In this analysis method, an injection port is connected to a wide bore column with an I.D. of at least 0.45 mm. As in packed analysis, almost all of the injected sample is injected into the column. There are two methods. In one, analysis is performed by attaching a WBC (Wide Bore Capillary Column) attachment to the sample injection unit used for the packed column. In the other, analysis is performed with an injection port for total volume injections.
Schematic Diagram
- If you are using the WBC attachment, set the carrier gas flowrate to 8 to 10 mL/min. If the column flowrate is too low, it will take too long for the injected sample to move into the column, which might reduce the separation.
4.6. Cold On-Column Injection (OCI) Method
This is a highly precise analysis method featuring surface area reproducibility. This is the GC analysis method with the least pyrolysis of the sample. It is suitable for samples with low concentrations of measurement components. (It is suitable for samples with concentrations of approximately 200 ppm or less per component targeted for analysis.)

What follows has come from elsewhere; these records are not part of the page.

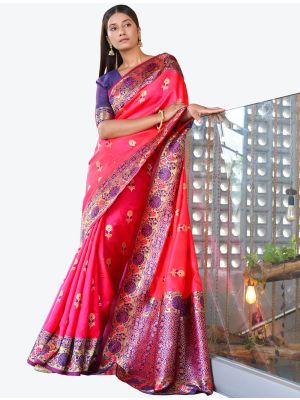 Neon Pink Woven Jacquard Kanjivaram Art Silk Festive Wear Designer Saree small FABSA21361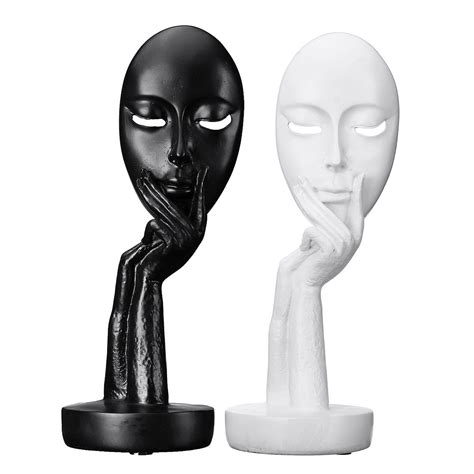 Blackwhite Resin Modern Women Face Thinker Statue Abstract Sculptures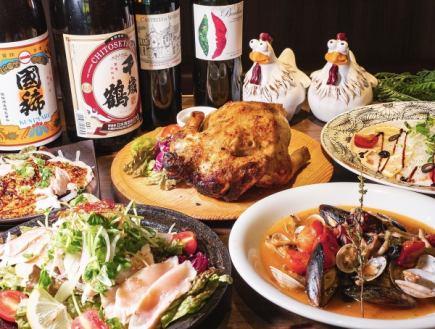 【年末盛大派对】包含我们著名的啤酒罐鸡在内的5道菜，配上生啤和2小时畅饮（4至100人团体均可参加！）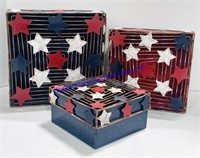 Set of (3) Patriotic Nesting Boxes
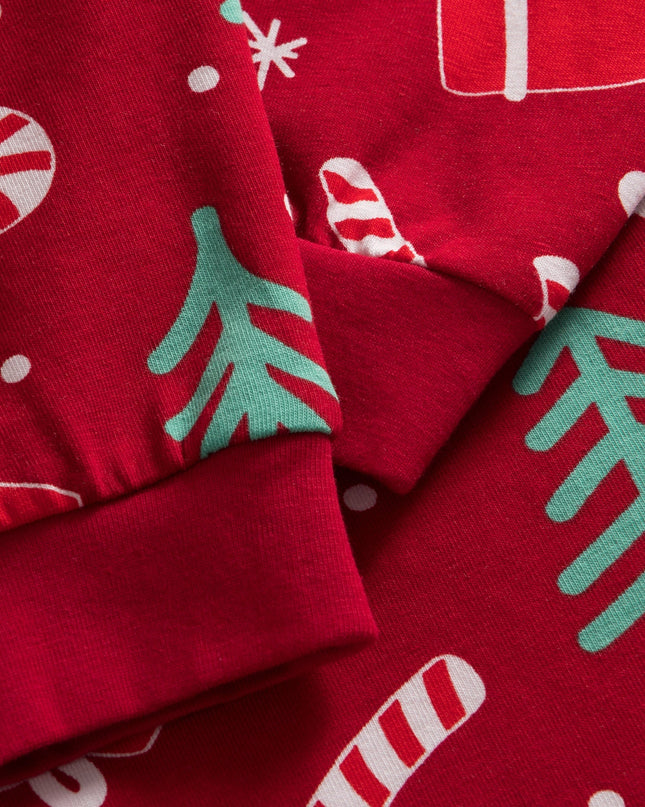 Kids' Red Christmas Pattern Overall Christmas Pyjamas
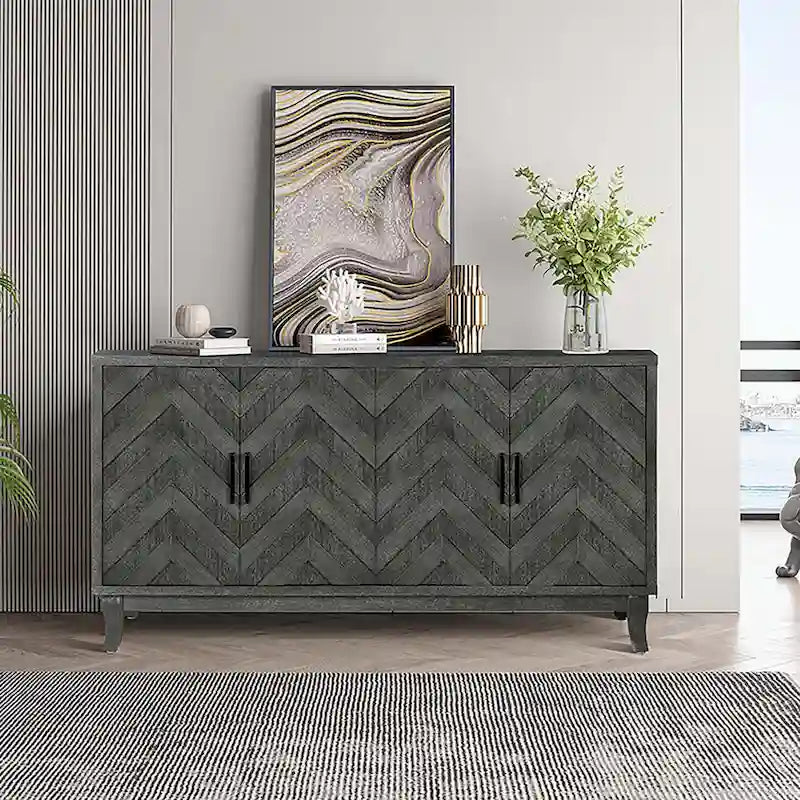 4-Door Vintage Wood Storage Cabinet with Adjustable Shelves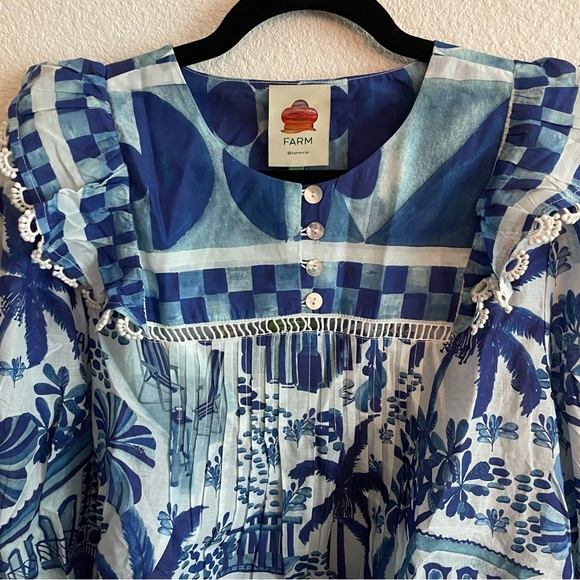 NWT FARM Rio Sweet Rio Long Sleeve Cotton Peasant Blouse - Picture 7 of 8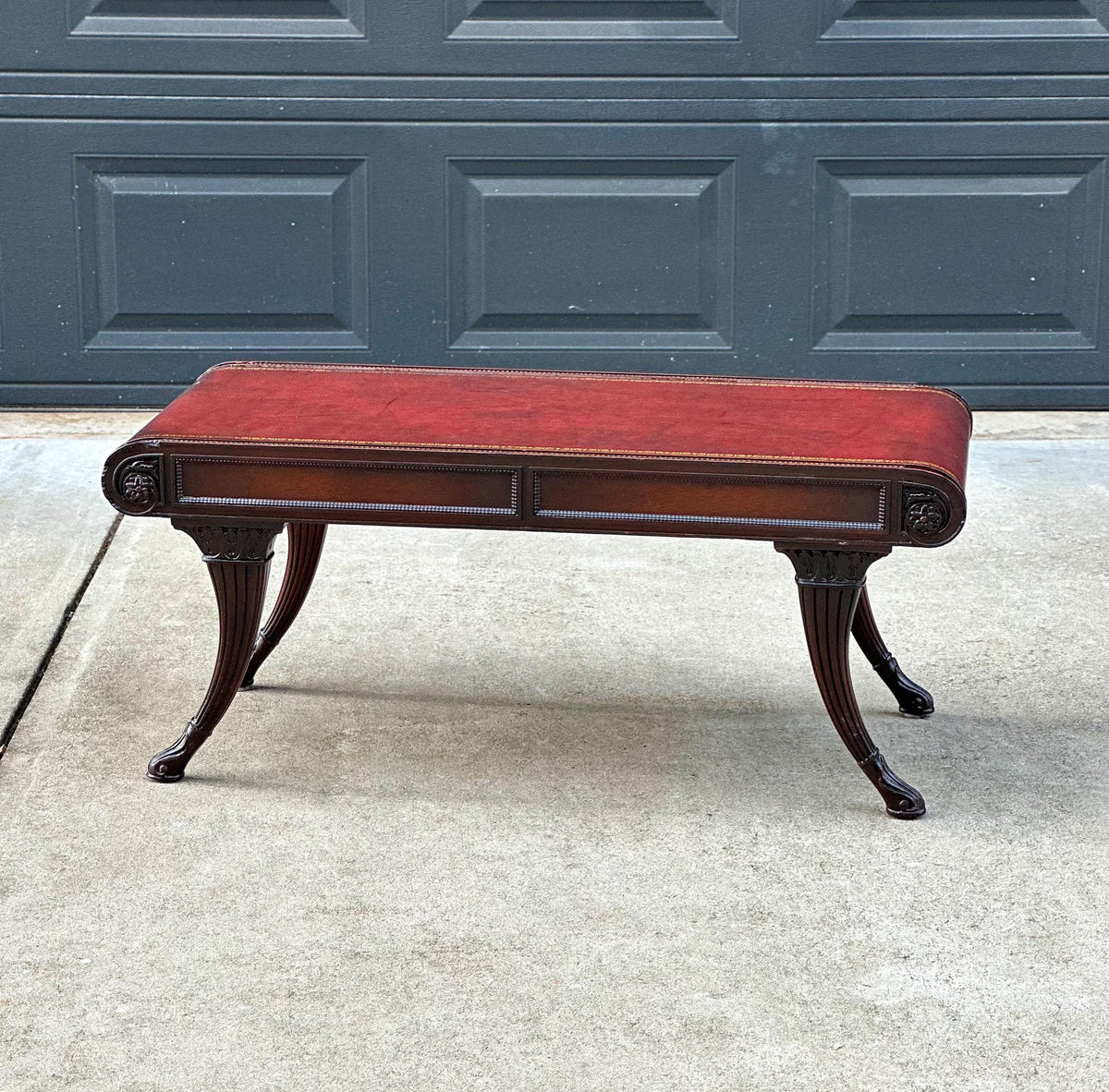 Vintage Mid 20th C Solid Mahogany & Leather Coffee Table with Drawer Storage 37.75" Wide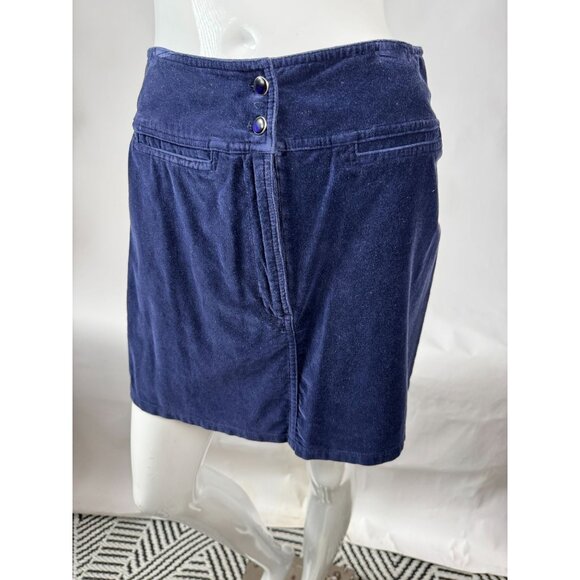 Express EXP Jeans Vintage Womens Cotton Velvet Skirt Navy Size 5/6 - Picture 14 of 15
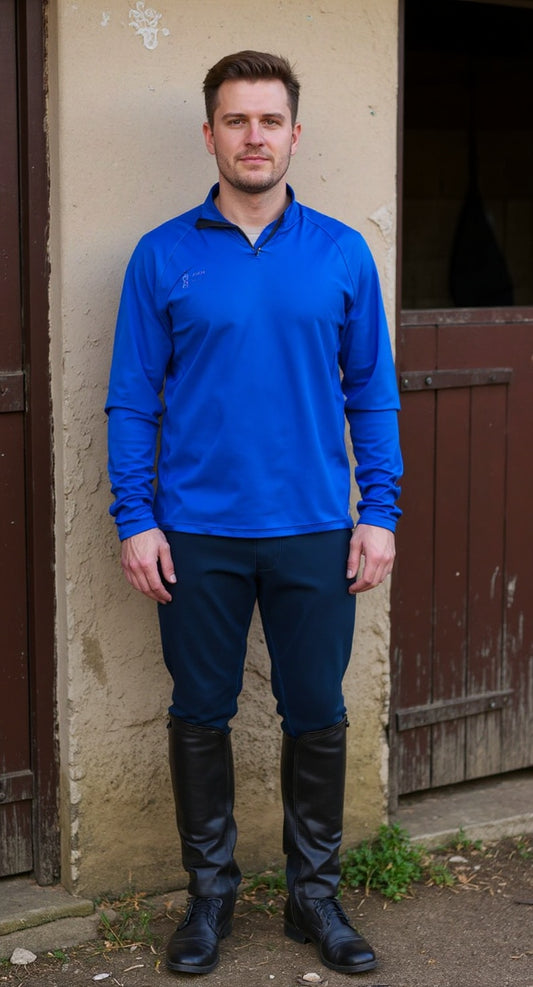 Mens long sleeved summer baselayer in royal blue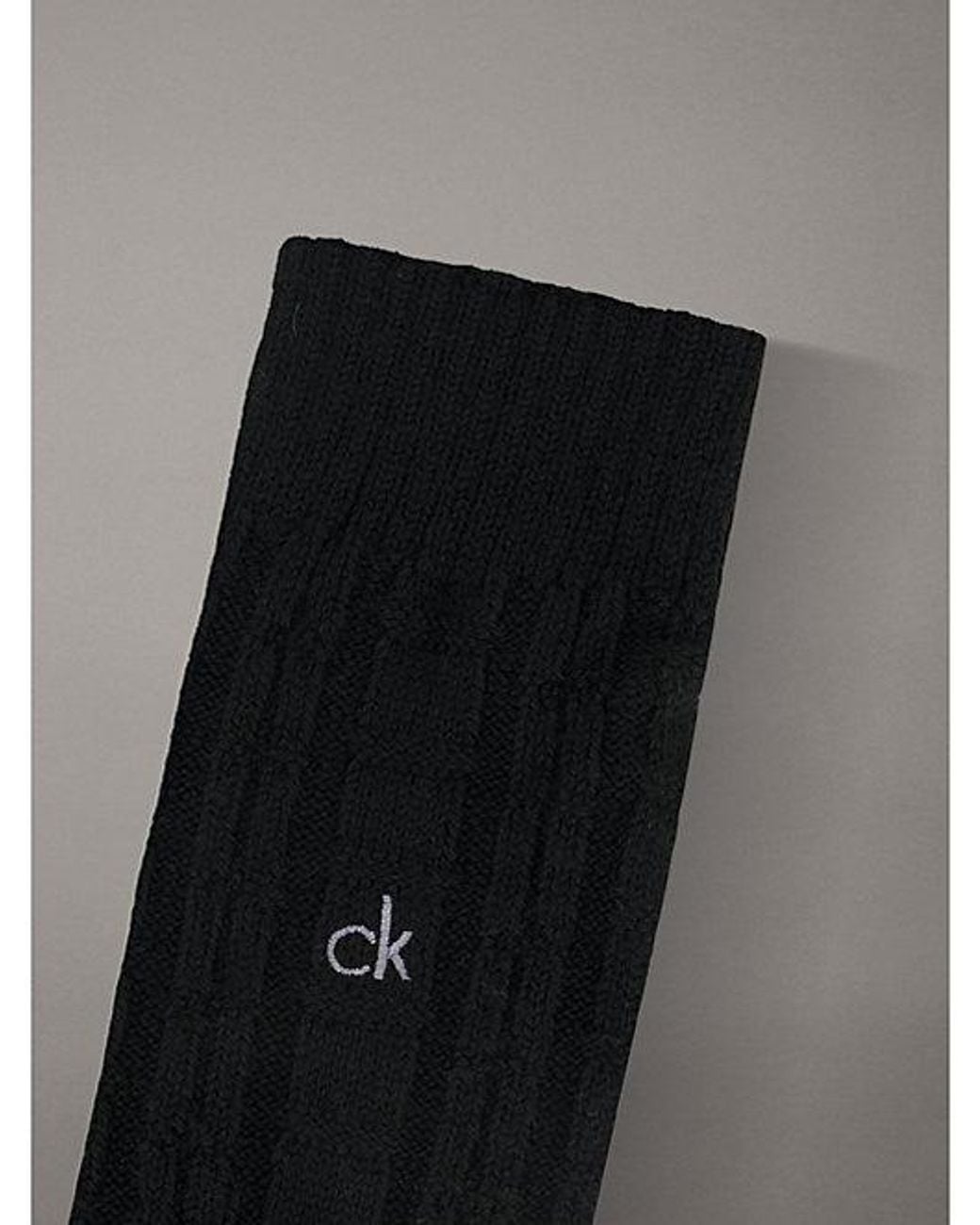 Calvin Klein Black Wool Blend Monogram Boot Socks for men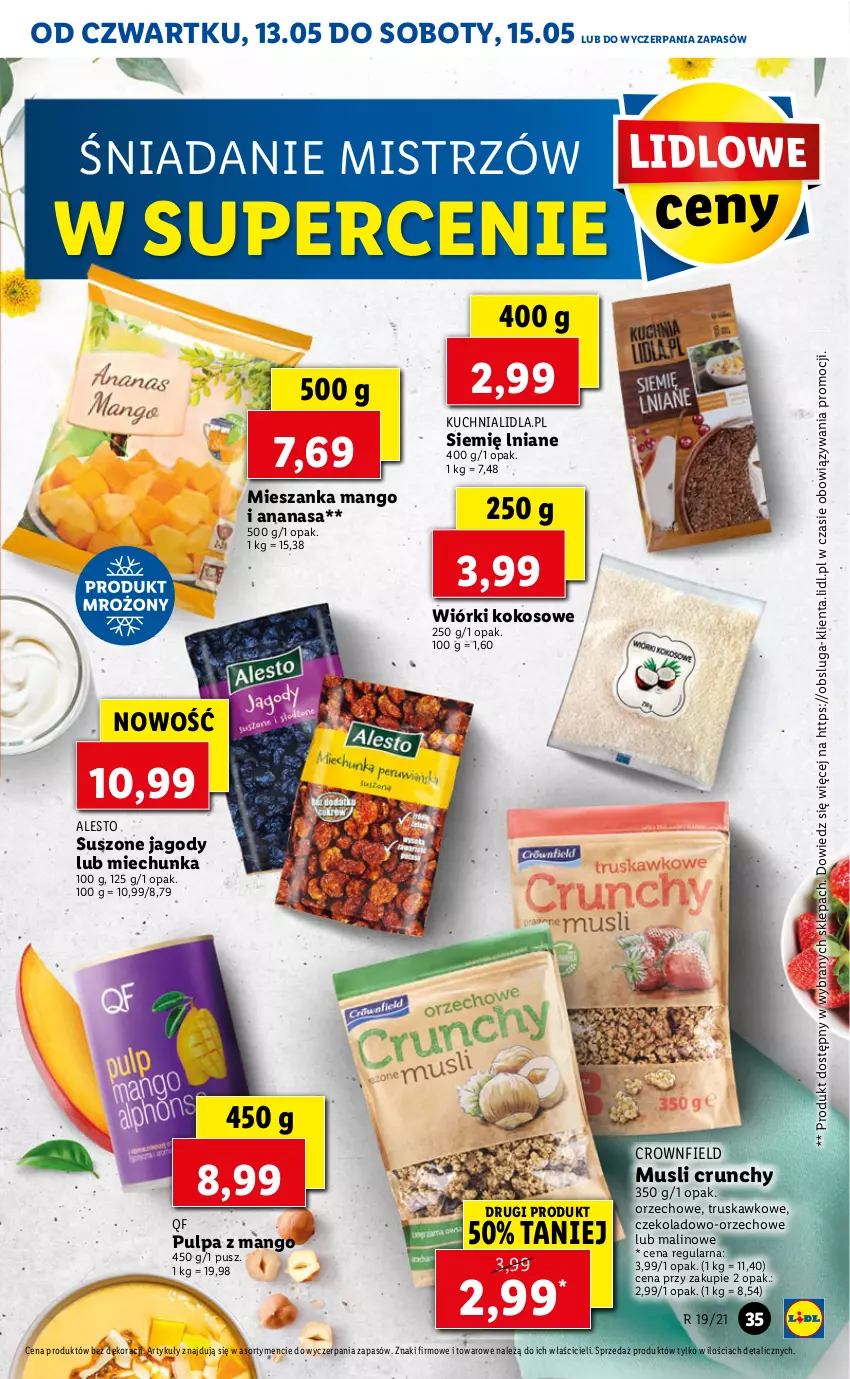 Gazetka promocyjna Lidl - GAZETKA - ważna 13.05 do 15.05.2021 - strona 35 - produkty: Ananas, Jagody, Kokos, Kuchnia, Mango, Mus, Wiórki kokosowe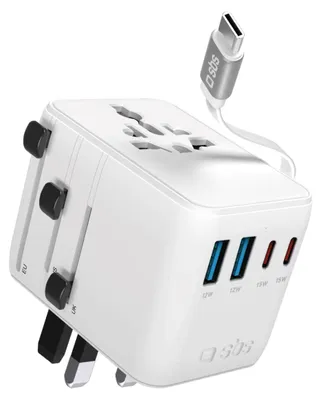 Produktbild von Universal-Reiseadapter mit integriertem USB-C-Kabel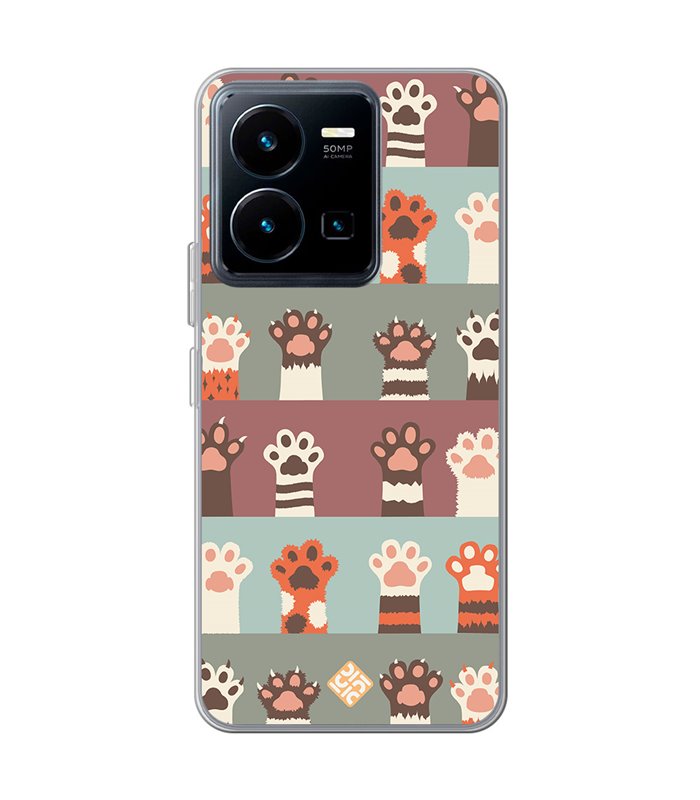 Funda para [ Vivo Y35 ] Dibujo Mascotas [ Zarpas de Gatos ] de Silicona Flexible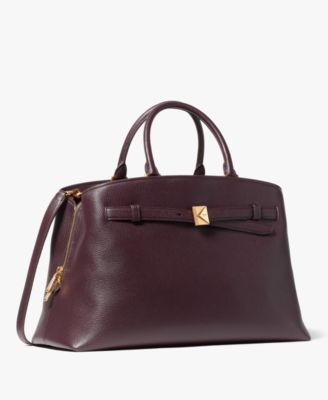 Deco Large Pebbled Leather Satchel Bag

In this sample injection method, the sample solution is injected as is by inserting the tip of the microsyringe needle directly into the tip of the capillary column, while maintaining the injection port temperature below the boiling point of the sample solvent. After this, the injected components can be directly and gently vaporized within the capillary column by increasing the temperature of the injection port and the column. The tip of the capillary column is equivalent to an injection unit.
Schematic Diagram
- The sample is injected directly into the column, so the column tends to become dirty, and periodic maintenance is required.
4.7. Programmed Temperature Vaporization (PTV)
In this injection method, when the sample is injected, the injection port is set to below the boiling point of the injection sample solvent. After the sample is injected, the injection port is heated rapidly, causing the injected sample to vaporize. Changes in composition (discrimination) due to heating of components remaining in the syringe needle tip are minimal, so this is suitable for the analysis of compounds that are thermally unstable (prone to degradation).
Unlike OCI analysis, a glass insert is used, and the method can be used for both split and splitless analysis, enabling support for low and high-concentration samples. In this analysis method, the column does not become very dirty even when analyzing samples containing many relatively nonvolatile components. Large volume injections (LVI) can be performed by using a GC unit equipped with an electronic flow controller (AFC) to control the carrier gas flowrate.
Schematic Diagram
- Programmed temperature analysis is required.
- The initial temperature of the column should be set to below the boiling point of the injected sample solvent (approximately the same as the initial temperature for PTV).